Saturday, 28 April 2012

2 Billion: "a little money"

Article at The Edge Malaysia "Ananda pares down stake in Bumi Armada"

Tycoon Ananda Krishnan and his bumiputra partners will sell roughly 15% of offshore services provider Bumi Armada Bhd in private placements to local and foreign institutional investors in a deal that will raise close to RM 2 billion.

Financial executives involved in the placement told The Edge Financial Daily that the sale of roughly 440 million shares in Bumi Armada would cut the joint holdings of Ananda and his bumiputra partners to 55% in the company. 

"It [the deal] will widen our shareholder base and raise a little money" said one financial executive.

I have written before about Bumi Armada, where minority investors were forced out under the (in Malaysia infamous) "delisting and compulsory acquisition threat". The total amount of money that minority investors missed out on is a staggering RM 2.5 billion.

When the company was delisted in 2003, the full 100% of the company was deemed to be worth only RM 440 million, which was regarded "fair and reasonable" by the "independent" adviser.

To call these unbelievable large amounts of money "a little money" is simply an insult to the (tens of) thousands of investors (who invested either directly or indirectly through unit trusts and the like) in Bumi Armada, who were forced out in the past.

To give an idea about the size, below is how RM 1 Billion looks like, with each note being worth RM 100.

Is it any wonder that Malaysia scores so badly in the GINI-coefficient, measuring the inequality in family income in a country?

I have fought the unfairness of the General Offer of Bumi Armada by filing a complaint to the Securities Commission. I attached a detailed list of the many shortcomings in the brochure. After three years I finally received an answer from Bursa Malaysia, one single line of text, nothing was wrong, not a single explanation whatsoever offered on the many issues that I had raised.

When Bumi Armada relisted in 2011, it left out in the brochure all the information about the low offer price and the delisting threat in 2003.
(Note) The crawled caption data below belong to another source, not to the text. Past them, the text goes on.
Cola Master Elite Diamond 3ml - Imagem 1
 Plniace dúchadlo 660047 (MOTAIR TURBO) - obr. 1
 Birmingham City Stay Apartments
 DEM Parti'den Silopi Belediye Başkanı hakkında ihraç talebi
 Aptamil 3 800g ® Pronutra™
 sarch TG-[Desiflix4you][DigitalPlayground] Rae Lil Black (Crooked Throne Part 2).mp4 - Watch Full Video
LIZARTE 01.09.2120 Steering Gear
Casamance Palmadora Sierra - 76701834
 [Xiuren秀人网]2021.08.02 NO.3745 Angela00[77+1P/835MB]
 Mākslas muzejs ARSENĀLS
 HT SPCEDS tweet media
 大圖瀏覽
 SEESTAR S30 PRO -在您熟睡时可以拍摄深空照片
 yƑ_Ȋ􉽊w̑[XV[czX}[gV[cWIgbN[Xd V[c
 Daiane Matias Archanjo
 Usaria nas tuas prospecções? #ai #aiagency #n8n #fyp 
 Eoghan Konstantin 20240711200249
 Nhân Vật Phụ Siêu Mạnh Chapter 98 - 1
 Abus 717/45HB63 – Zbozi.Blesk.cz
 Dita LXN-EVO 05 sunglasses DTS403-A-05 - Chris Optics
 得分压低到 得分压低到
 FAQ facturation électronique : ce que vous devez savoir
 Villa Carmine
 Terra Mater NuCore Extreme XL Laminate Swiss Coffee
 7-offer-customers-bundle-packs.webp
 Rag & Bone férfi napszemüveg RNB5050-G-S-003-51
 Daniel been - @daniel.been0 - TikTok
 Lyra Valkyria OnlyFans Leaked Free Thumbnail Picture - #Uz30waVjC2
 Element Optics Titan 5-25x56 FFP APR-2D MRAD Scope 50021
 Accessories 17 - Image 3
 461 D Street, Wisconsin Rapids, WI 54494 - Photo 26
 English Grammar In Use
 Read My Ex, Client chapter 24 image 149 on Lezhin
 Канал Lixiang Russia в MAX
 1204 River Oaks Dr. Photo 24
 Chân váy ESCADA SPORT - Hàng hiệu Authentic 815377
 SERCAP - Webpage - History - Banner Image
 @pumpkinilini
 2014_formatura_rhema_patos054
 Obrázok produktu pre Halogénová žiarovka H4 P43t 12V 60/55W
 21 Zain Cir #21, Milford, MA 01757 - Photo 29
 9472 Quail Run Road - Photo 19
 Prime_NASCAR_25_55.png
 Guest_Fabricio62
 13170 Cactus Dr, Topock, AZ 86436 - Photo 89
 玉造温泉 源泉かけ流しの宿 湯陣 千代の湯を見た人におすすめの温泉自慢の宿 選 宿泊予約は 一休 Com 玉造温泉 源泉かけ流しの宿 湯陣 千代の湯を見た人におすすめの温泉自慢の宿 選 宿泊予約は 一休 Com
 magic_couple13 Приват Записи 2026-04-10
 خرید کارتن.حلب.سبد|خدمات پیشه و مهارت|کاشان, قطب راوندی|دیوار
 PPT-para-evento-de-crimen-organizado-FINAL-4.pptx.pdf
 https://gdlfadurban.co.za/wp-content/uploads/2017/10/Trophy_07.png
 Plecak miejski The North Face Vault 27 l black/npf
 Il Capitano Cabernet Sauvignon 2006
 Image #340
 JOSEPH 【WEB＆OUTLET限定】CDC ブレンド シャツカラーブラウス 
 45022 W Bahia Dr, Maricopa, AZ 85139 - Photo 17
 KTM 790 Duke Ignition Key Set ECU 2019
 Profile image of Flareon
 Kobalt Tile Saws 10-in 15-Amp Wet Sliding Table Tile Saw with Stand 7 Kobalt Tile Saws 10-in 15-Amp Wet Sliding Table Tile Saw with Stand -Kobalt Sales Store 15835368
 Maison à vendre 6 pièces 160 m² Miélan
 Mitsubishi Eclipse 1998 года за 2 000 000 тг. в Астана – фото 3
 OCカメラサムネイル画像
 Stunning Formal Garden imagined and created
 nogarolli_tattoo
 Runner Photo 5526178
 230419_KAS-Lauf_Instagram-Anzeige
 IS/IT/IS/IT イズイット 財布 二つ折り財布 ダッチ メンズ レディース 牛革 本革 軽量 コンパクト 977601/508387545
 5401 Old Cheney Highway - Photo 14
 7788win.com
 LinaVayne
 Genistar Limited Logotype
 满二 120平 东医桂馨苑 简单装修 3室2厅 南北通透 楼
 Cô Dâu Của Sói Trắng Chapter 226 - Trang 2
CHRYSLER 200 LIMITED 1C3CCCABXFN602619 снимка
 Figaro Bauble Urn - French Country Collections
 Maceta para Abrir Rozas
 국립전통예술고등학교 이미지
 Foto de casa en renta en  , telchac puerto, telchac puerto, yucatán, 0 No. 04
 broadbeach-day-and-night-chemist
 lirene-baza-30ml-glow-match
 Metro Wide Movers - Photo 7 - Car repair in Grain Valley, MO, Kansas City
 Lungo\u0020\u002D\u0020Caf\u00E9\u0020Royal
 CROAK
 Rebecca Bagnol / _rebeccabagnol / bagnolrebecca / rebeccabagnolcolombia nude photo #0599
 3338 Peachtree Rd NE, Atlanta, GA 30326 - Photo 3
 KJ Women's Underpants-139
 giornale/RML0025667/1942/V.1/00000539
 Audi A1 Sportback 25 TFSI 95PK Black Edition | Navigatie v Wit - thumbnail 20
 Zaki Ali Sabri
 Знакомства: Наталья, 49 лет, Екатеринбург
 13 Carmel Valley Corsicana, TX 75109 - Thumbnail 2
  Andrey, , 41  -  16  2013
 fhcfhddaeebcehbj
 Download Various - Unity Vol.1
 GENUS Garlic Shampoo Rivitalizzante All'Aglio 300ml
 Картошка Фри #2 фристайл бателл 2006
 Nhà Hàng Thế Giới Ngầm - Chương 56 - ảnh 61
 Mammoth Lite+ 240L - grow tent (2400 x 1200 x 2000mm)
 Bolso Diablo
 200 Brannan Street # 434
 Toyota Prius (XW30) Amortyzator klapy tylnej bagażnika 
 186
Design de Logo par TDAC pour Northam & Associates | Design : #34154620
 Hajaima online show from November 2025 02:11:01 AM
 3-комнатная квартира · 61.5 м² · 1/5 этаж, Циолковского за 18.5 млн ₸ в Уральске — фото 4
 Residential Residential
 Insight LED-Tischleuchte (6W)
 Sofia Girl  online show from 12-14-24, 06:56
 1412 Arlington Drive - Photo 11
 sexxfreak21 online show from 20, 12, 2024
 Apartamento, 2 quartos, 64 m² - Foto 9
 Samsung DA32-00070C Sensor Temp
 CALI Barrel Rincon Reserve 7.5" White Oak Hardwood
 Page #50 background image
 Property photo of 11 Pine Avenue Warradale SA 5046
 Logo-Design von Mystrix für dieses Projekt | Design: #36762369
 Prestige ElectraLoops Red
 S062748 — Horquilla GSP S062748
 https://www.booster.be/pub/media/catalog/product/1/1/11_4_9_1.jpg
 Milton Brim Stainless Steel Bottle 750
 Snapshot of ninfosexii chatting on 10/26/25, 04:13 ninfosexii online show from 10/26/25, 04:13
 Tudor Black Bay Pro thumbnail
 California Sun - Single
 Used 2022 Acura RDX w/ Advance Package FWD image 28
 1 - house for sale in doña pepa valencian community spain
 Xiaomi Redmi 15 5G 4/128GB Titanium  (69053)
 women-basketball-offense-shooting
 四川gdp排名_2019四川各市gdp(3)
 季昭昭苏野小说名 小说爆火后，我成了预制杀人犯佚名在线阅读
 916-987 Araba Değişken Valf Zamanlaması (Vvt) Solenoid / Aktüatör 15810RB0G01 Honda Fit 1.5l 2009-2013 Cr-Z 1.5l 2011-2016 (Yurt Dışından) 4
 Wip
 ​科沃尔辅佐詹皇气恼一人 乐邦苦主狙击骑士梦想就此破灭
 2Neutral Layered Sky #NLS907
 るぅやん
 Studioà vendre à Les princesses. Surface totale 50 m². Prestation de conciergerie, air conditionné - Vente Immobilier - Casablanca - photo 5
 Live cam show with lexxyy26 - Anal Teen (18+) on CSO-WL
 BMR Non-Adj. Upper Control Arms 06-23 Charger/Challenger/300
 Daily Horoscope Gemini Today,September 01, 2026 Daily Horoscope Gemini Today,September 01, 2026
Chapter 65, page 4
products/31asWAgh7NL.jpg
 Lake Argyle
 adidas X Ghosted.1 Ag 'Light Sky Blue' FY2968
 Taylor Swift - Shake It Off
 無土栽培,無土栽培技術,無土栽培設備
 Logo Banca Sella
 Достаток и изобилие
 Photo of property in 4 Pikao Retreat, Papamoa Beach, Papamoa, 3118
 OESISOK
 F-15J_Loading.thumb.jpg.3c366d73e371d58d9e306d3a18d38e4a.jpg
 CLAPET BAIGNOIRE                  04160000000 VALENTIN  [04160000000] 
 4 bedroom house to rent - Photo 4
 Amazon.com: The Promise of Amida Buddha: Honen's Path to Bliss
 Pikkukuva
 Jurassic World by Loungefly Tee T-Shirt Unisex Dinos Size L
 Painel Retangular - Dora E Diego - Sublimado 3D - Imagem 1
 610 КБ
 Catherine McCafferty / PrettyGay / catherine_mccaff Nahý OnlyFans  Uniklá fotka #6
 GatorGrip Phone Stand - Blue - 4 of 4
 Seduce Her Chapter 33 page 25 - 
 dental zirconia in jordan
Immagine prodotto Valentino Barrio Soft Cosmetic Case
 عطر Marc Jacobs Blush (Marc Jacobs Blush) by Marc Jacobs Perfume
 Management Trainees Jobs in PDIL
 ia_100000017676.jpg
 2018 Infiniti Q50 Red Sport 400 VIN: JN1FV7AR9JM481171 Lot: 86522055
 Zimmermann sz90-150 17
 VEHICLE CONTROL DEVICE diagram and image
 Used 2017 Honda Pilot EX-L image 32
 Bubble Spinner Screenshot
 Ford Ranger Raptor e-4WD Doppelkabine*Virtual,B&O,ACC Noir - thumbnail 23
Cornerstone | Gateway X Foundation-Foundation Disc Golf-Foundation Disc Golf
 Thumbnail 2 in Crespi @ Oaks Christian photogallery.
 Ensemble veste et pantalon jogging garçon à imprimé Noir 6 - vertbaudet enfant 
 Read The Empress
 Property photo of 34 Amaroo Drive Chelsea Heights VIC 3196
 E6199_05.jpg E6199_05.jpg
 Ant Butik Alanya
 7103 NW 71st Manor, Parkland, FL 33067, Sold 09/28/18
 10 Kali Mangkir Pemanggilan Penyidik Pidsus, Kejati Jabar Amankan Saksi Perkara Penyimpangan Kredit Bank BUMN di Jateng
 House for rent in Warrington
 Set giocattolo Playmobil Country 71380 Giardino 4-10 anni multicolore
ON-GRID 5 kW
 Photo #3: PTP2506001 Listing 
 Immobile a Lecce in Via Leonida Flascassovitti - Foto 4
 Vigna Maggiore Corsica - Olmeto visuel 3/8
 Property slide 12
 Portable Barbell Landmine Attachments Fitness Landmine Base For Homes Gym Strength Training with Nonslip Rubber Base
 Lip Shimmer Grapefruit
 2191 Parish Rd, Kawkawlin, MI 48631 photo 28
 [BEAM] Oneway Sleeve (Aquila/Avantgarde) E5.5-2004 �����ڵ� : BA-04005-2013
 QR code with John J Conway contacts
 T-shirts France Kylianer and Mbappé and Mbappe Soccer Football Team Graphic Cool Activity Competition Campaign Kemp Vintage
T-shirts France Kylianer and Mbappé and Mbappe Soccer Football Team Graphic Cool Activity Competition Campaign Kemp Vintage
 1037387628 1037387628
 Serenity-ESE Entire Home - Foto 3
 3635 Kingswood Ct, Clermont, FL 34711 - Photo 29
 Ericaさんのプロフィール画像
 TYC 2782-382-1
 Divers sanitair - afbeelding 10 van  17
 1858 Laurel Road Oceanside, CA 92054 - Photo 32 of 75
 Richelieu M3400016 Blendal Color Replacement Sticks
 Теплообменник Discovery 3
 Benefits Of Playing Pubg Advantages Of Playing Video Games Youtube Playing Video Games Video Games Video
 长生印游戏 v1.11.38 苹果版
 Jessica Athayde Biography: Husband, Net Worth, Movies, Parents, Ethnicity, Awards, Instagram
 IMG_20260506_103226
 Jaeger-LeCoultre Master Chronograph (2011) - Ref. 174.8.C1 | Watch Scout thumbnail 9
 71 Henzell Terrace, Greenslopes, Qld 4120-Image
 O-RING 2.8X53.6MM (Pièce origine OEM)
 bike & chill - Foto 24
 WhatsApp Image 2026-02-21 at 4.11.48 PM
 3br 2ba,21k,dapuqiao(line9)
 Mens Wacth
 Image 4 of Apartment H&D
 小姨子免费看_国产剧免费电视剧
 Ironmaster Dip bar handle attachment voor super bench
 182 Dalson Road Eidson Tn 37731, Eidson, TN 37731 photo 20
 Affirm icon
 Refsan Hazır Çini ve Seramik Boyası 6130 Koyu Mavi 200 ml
Both the Securities Commission and Bursa Malaysia have lately expressed their surprise about the low participation by retail investors in the local sharemarket. I don't think they should be surprised at all, they bare a lot of the responsibility for that.

1 comment:

  1. So many cases of insider trading in Bursa, where high activity usually precedes major announcement. Why no investigation? In US or HK ... many ppl would go to jail or fined already ... Bursa is a failure.